(Dataset excerpts)
+ + +

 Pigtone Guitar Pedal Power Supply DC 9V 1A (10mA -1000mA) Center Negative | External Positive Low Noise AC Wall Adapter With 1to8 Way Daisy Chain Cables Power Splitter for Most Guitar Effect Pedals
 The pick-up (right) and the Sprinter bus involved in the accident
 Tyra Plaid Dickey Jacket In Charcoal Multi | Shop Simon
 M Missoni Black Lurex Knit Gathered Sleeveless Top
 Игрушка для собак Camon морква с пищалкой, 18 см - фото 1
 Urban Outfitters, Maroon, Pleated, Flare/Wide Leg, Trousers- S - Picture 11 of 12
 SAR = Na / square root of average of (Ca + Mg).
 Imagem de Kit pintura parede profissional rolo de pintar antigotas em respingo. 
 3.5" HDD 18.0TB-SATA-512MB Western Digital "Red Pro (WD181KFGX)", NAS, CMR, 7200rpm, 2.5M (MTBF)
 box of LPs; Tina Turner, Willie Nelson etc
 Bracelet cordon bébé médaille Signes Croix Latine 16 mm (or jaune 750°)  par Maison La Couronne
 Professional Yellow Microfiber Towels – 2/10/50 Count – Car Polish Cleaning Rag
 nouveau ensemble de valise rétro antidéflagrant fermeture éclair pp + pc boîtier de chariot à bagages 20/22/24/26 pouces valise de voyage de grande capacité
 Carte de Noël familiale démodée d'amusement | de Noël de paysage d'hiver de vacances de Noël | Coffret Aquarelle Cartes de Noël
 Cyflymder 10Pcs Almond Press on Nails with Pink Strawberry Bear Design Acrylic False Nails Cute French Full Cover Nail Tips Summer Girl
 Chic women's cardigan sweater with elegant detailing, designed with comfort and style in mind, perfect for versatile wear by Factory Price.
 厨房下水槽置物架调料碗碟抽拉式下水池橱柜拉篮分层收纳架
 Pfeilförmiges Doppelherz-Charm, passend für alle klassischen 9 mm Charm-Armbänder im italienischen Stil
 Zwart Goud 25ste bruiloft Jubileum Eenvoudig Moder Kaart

+ + +

INSTRUCTIONS TO FOLLOW:
From the line holding "Carte de Noël" through the final line of the data above, copy every line exactly as written. Include nothing else.

OUTPUT FOR THIS TASK:
 Carte de Noël familiale démodée d'amusement | de Noël de paysage d'hiver de vacances de Noël | Coffret Aquarelle Cartes de Noël
 Cyflymder 10Pcs Almond Press on Nails with Pink Strawberry Bear Design Acrylic False Nails Cute French Full Cover Nail Tips Summer Girl
 Chic women's cardigan sweater with elegant detailing, designed with comfort and style in mind, perfect for versatile wear by Factory Price.
 厨房下水槽置物架调料碗碟抽拉式下水池橱柜拉篮分层收纳架
 Pfeilförmiges Doppelherz-Charm, passend für alle klassischen 9 mm Charm-Armbänder im italienischen Stil
 Zwart Goud 25ste bruiloft Jubileum Eenvoudig Moder Kaart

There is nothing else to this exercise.